[TASK GOAL] Go through the listing below and write out exactly the lines from the one that mentions "Détail d'un bracelet" through the one that mentions "Beautiful woman sitting", minus the pictures.

[MATERIAL TO PROCESS]

----

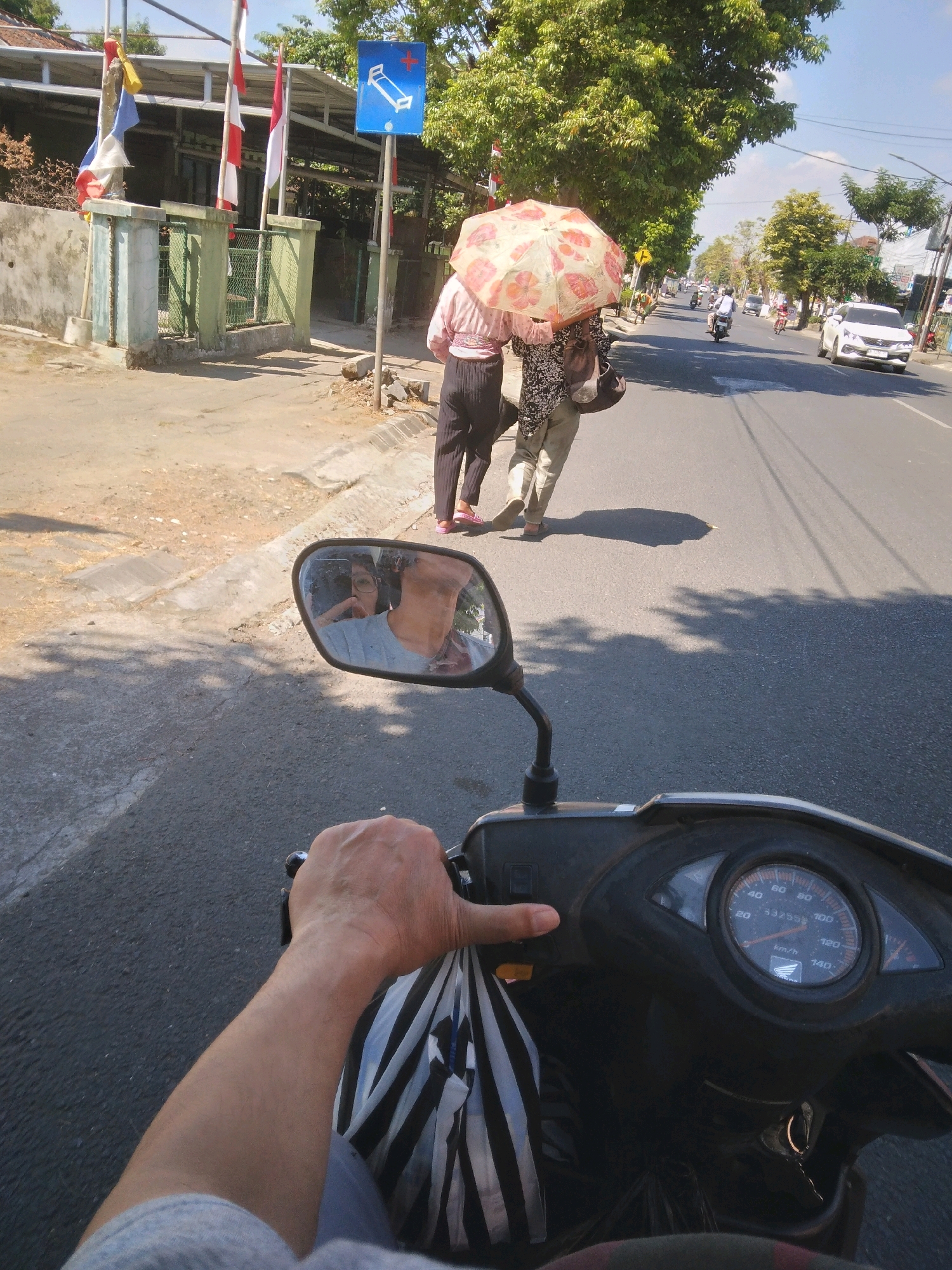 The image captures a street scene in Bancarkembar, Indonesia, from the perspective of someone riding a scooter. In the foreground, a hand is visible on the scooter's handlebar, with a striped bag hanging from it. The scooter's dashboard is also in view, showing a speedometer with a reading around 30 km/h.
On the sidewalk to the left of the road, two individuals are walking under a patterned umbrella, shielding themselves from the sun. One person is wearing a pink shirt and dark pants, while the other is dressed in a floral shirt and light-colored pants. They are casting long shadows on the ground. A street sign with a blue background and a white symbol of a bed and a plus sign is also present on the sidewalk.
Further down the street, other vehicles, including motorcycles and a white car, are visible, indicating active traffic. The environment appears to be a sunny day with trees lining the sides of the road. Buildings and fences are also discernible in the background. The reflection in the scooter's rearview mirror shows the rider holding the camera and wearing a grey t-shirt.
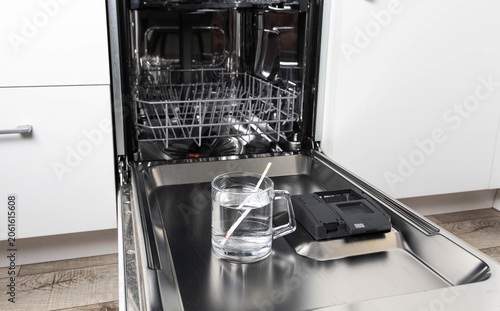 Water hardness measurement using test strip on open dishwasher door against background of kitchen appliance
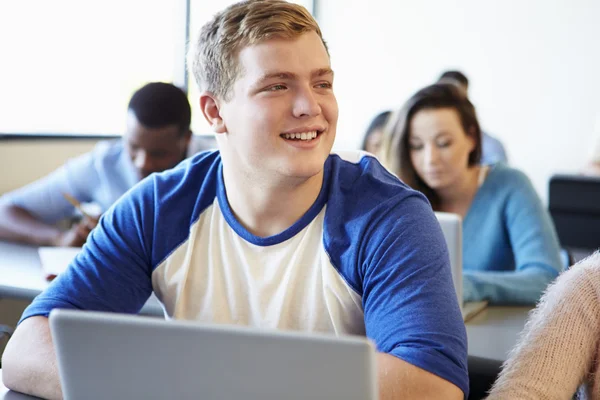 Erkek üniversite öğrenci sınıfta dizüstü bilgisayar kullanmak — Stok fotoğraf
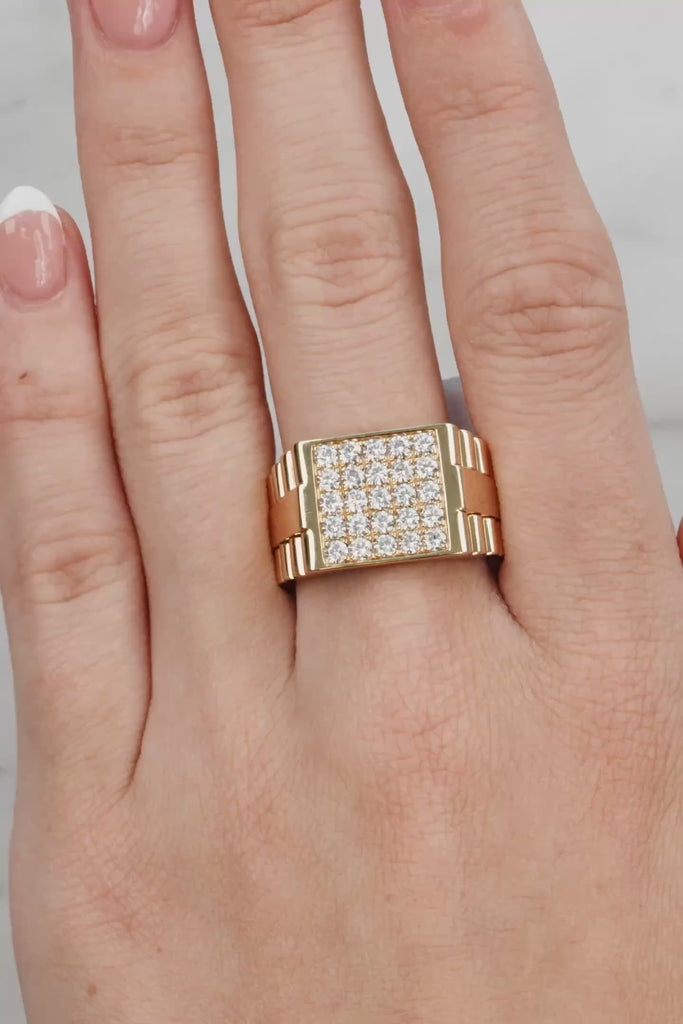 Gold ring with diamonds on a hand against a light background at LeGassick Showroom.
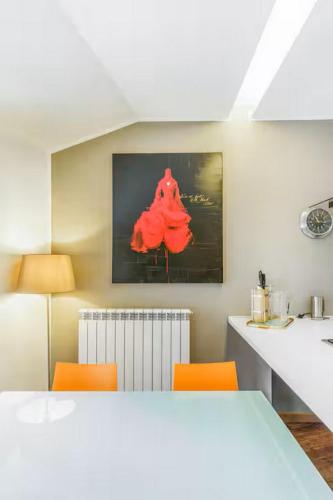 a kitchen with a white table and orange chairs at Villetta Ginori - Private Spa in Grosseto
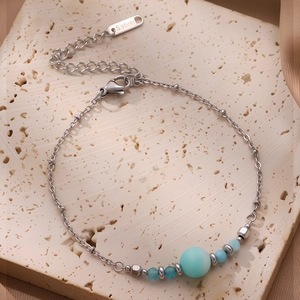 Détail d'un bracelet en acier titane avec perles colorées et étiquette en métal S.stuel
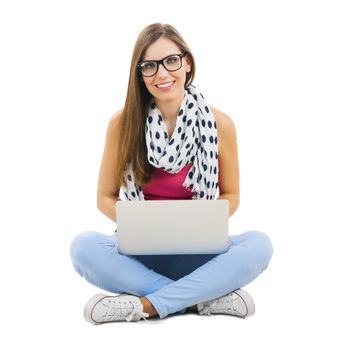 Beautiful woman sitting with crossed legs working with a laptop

----

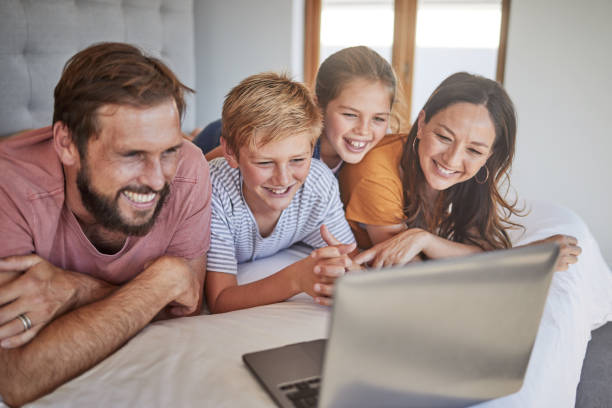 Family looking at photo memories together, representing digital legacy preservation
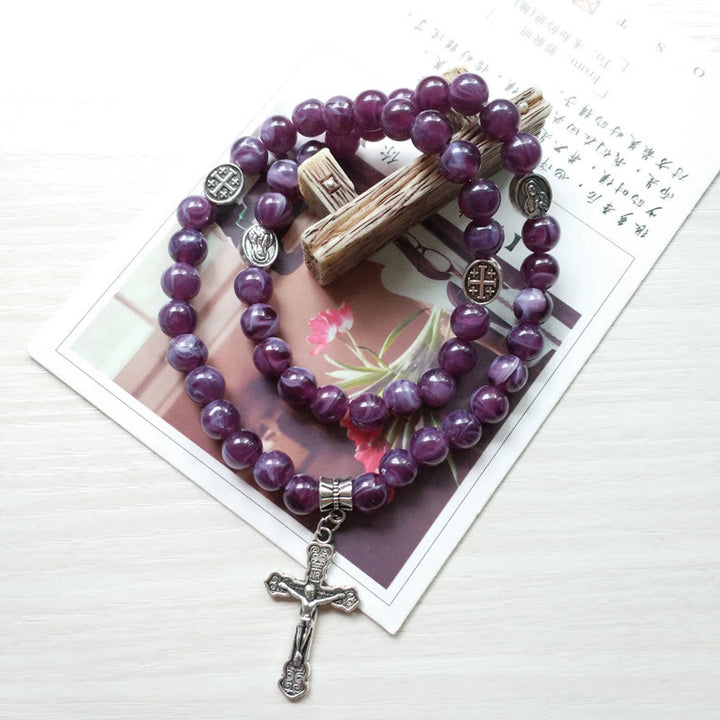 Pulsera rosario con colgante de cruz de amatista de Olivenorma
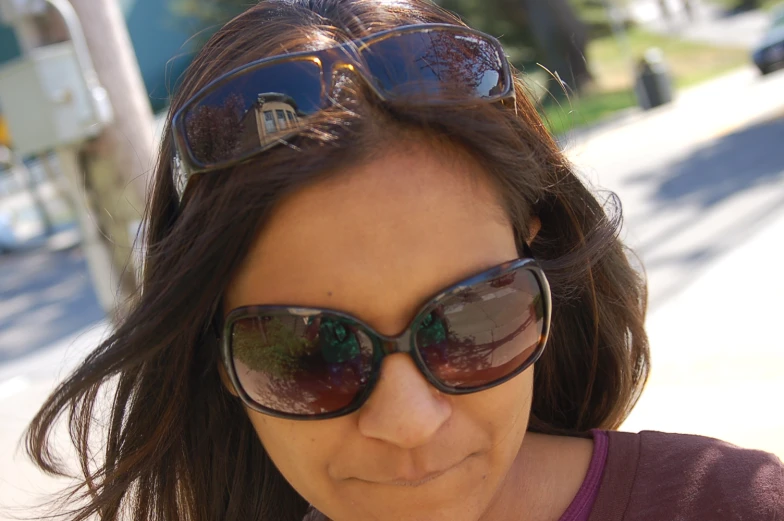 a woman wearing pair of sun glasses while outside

----

[PROBLEM SOLUTION]
 Détail d'un bracelet en acier titane avec perles colorées et étiquette en métal S.stuel
 Beautiful woman sitting with crossed legs working with a laptop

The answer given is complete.